聖火は消えず ~光属性が闇属性を滅するまで~

kanegon

聖火は消えず ~光属性が闇属性を滅するまで~


 なあ、お前。ゾロアスター教って知っているか? 遣唐使と一緒に日本にも来ていたんだぜ。


 なんだ、お前。ゾロアスター教を知らないのか。実在する宗教だよ。


 ◇◇◇


 遣唐使の船の旅は過酷だった。


 木の板がきしむ悲鳴のような音が、外で吹き荒れる疾風怒濤の音と混じる。隠れていたネズミが転がるように走って別の所へ去った。


「また嵐か。遭難は一度でこりごりなのに」


「大丈夫ですぞ、李密翳どの。毘盧遮那仏の御加護があれば、今度こそ日本に到達できるでしょう」


 李密翳の隣に座っていた禿頭の男が話しかけた。肌は少し色黒で、しゃべっている唐語には若干訛りがある。懐から木製の小さな像を取り出して、その像に向かって何やら呪文のようなものを口許で小さく唱えている。
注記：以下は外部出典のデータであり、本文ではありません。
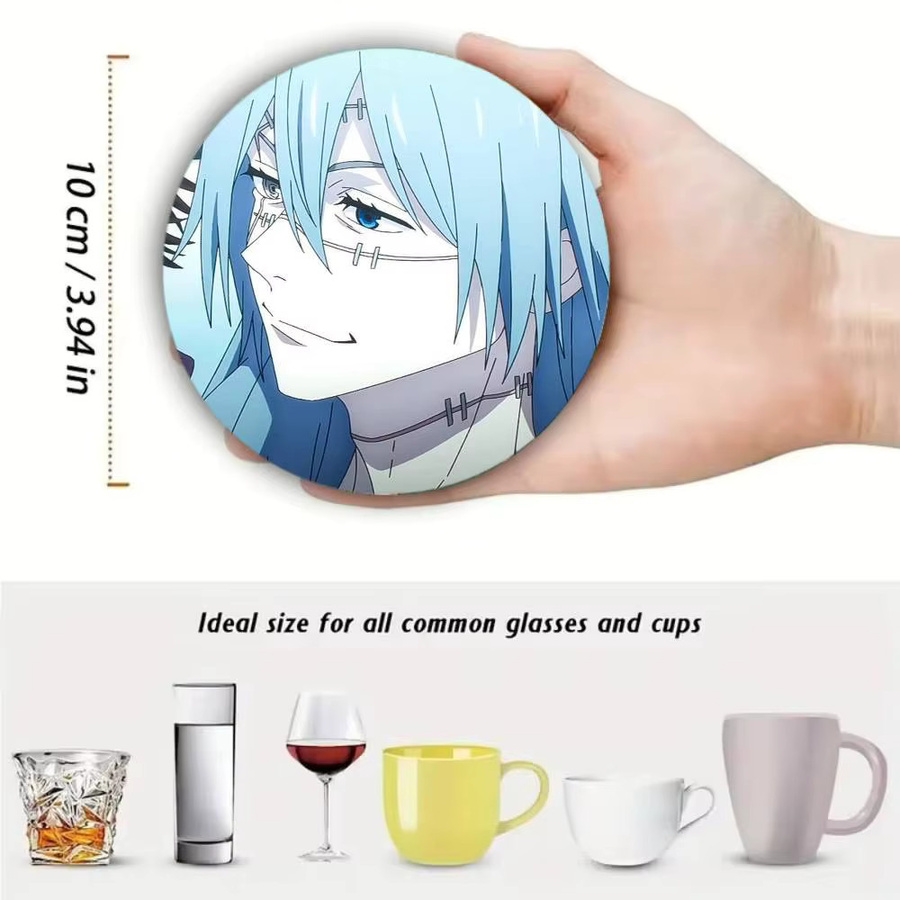 Mahito Anime-Figuren-Untersetzer von bilibili aus Holz, rund, braun/mehrfarbig, Durchmesser: 10 cm - Bild 5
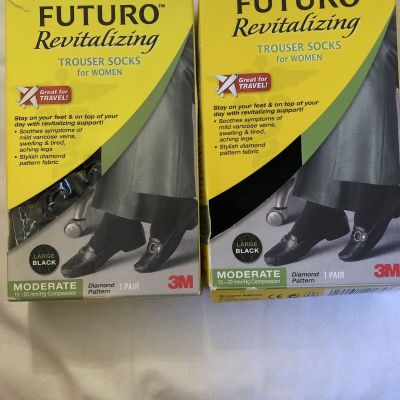 2x Futuro Revitalizing Ultra Sheer Knee Heights For Women Large Black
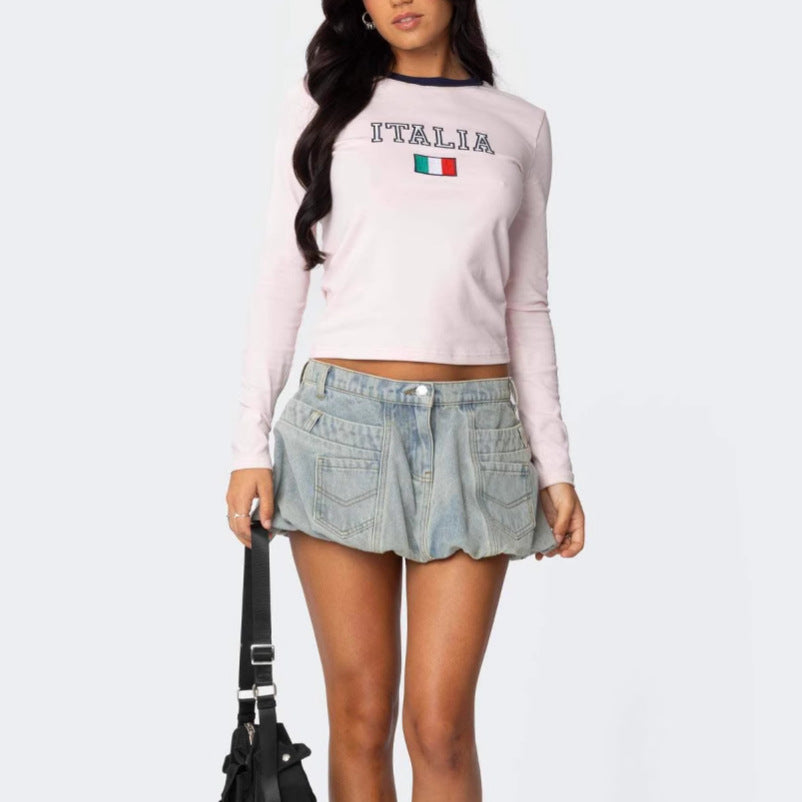 Damen Langarmshirt Italienischer Schriftzug Modernes Design Norvielle - Norvielle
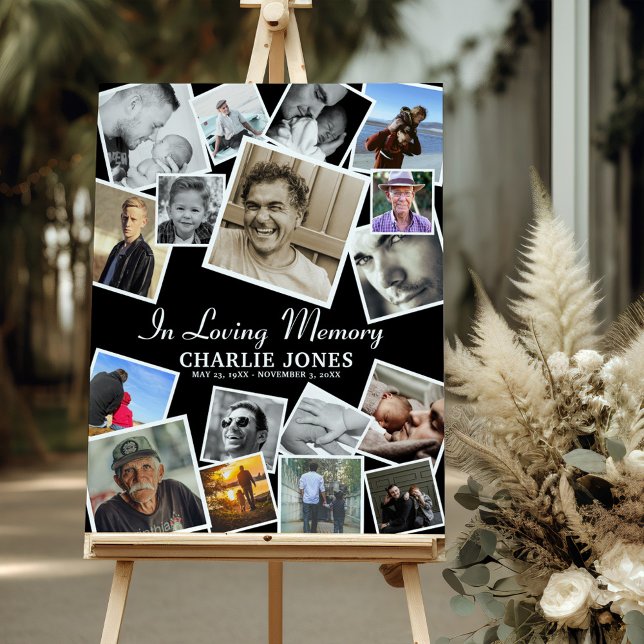 Create Your Own Photo Collage Memorial Funeral  Foam Board (Creator Uploaded)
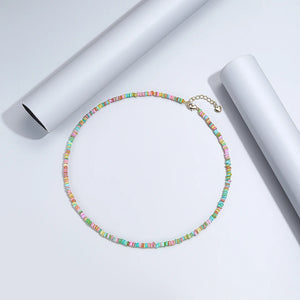 Beaded Shell Chain Adjustable Choker Necklace for Women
恐らくは李密翳と同年代くらいで、40代半ばといったところだろう。


 李密翳と肌が浅黒い男との共通点は年頃だけではなく、頭が禿げていて唐語が訛っているところも、であった。


 李密翳は自分の持ち物の革袋から石製の箱を取り出した。


「聖なる火よ、アフラマズダよ。正義の光で我々を日本へと導きたまえ」


「李密翳どの、それは何ですかな?」


「これは私が信奉しているゾロアスター教の聖なる火ですよ、センナ殿」


 センナは無毛の頭を撫でた。仏僧であるため剃髪しているのである。


「ゾロアスター教? 何ですかなそれは?」


「ご存知ありませんか? 大昔、遥か西方のペルシアの地にて生まれた教えです」


 揺れの激しい船の中で。李密翳は仏僧センナに対してゾロアスター教について語り始めた。


 ◇◇◇


 太古の世界で、教祖ゾロアスターは叫んだ。


「光の神、アフラマズダよ! 世界をあまねく照らせ!」


 その言葉に呼応してか、乾燥した岩場の大地がひび割れ、白い瘴気が吹き出した。かと思うと、燦々たる太陽の光に熱せられて発火した。大地から炎そのものが噴出し続ける格好になった。
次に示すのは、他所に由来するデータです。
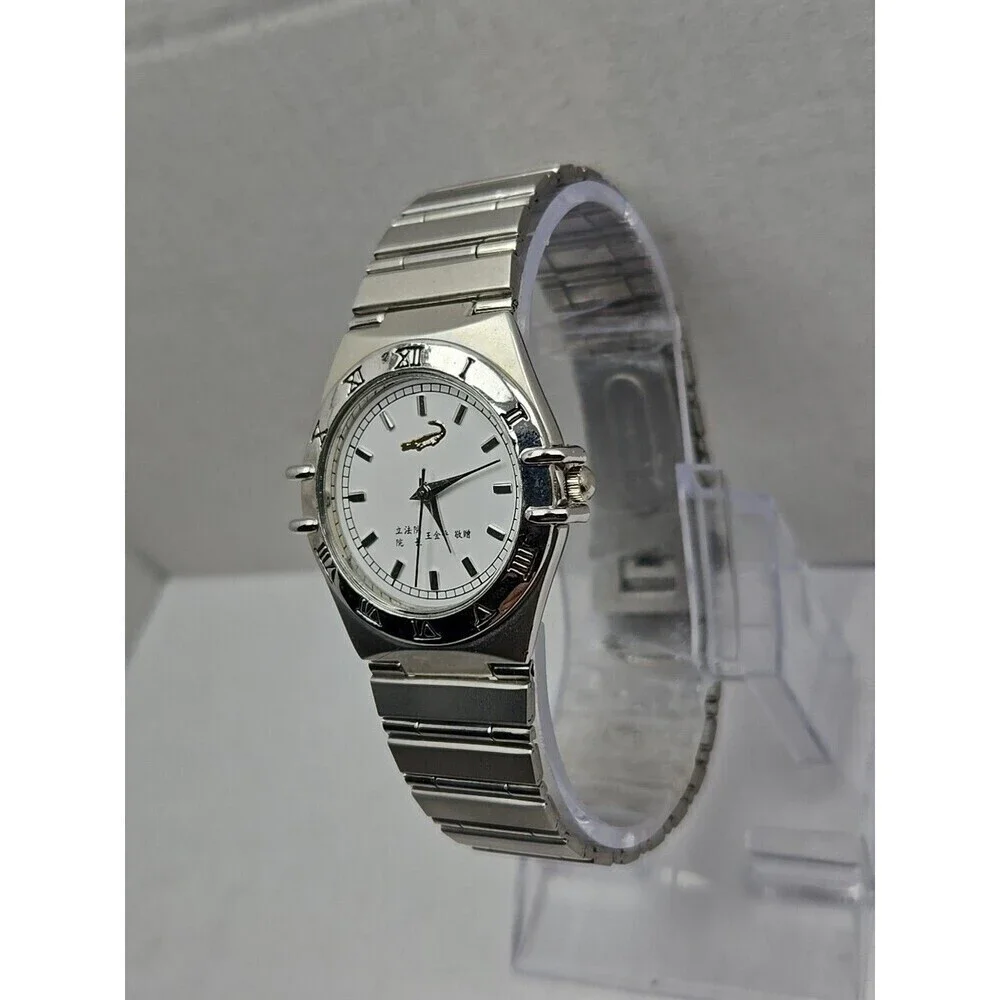 Wang Jin Pyng Gift Crocodile International A474 Quartz Watch New Battery Silver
「この世は善と悪とのせめぎ合い。人間とは、かくも弱き者。黙っていれば自ずとアーリマンの闇に染まってしまう。だからこそ、もっと光を!」


 渇いた大地に伏して炎に礼拝しては、また立ち上がり、そしてまた体を投げ出して炎を拝し、立ち上がる。幾度も幾度も繰り返していたゾロアスターに、側近の者達が静かに近付く。
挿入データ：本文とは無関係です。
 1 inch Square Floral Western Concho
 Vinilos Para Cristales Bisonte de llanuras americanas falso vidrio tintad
「ゾロアスター様。我々はいかにすれば善なる光が敷衍した世界へと変革することができるのでしょうか?」


 紅潮した顔のゾロアスターは側近達の方を振り返り、褐色と白髪が交じって灰色に見える髪と長い髭を風に靡かせながら、厳かに言った。


「神の光の象徴であるこの聖なる炎を囲むようにして、神殿を建ててアフラマズダ神を祀るのだ。そして、この聖なる炎を種火として、世界へ神の教えを伝えるのだ」


「仰せのままに」


 それから。


 ゾロアスターの教えはゆっくりではあるが、次第に拡散していった。各地に神殿ができて、教祖が灯した火を種火とした聖火が用意された。


 勢いが加速したのは、教祖ゾロアスターの時代から1000年以上が過ぎたといわれる、サーサーン朝ペルシアという国の国教に採用された時だった。


 そのサーサーン朝ペルシアは強大な軍事力で広大な地域を支配下に置いた。それと同時に、ゾロアスター教もまたペルシア帝国国内のみならず、周辺の地域にも広まった。


 ◇◇◇


「教祖ゾロアスターの教えは唐にまで伝わって、ケン教と呼ばれています。長安の都や洛陽にも、ケン教の寺院が建っていますぞ」


「ああ、ケン教のことだったのですか。それだったら、お世話になった通訳の李訓どのに教えてもらいました」


「おお、センナ殿もケン教をご存知でしたか。長安や洛陽の寺院で燃えている聖火も、かの教祖ゾロアスターが灯した火種から採った炎と言われております」


「じゃあ、あなたが持っているその火も……」


「これは、洛陽の寺院からもらってきた火です。それでも、教祖ゾロアスターの種を受け継いでいることには変わりはありませんので、1000年以上燃えている火ということになります」


「1000年燃え続ける火というのはすごい。ところで、あなたは李密翳という、いかにも唐風なお名前ですが、どうしてそのような遠い異国の教えを奉じておれれるのですか?」


「唐風の名前が唐では便利だから名乗っています。でも私は唐の出身ではなく、波斯国、つまりはサーサーン朝ペルシア人なのです……といってもそのサーサーン朝は、新たに生まれた大食という宗教勢力によって滅ぼされてしまいまして、私は亡国の民なのですが」


 ◇◇◇


 サーサーン朝ペルシアは大食に滅ぼされてしまった。


 サーサーン朝の最後の王の息子であるぺーローズと、ペーローズの息子であるナルサスという王子が、帝国を復活させるために唐の援助を得てトハリスタンの地で長年戦っていた。ナルサスは大食に押され気味ではあったが、それでも現地の都市を利用しつつよく粘っていた。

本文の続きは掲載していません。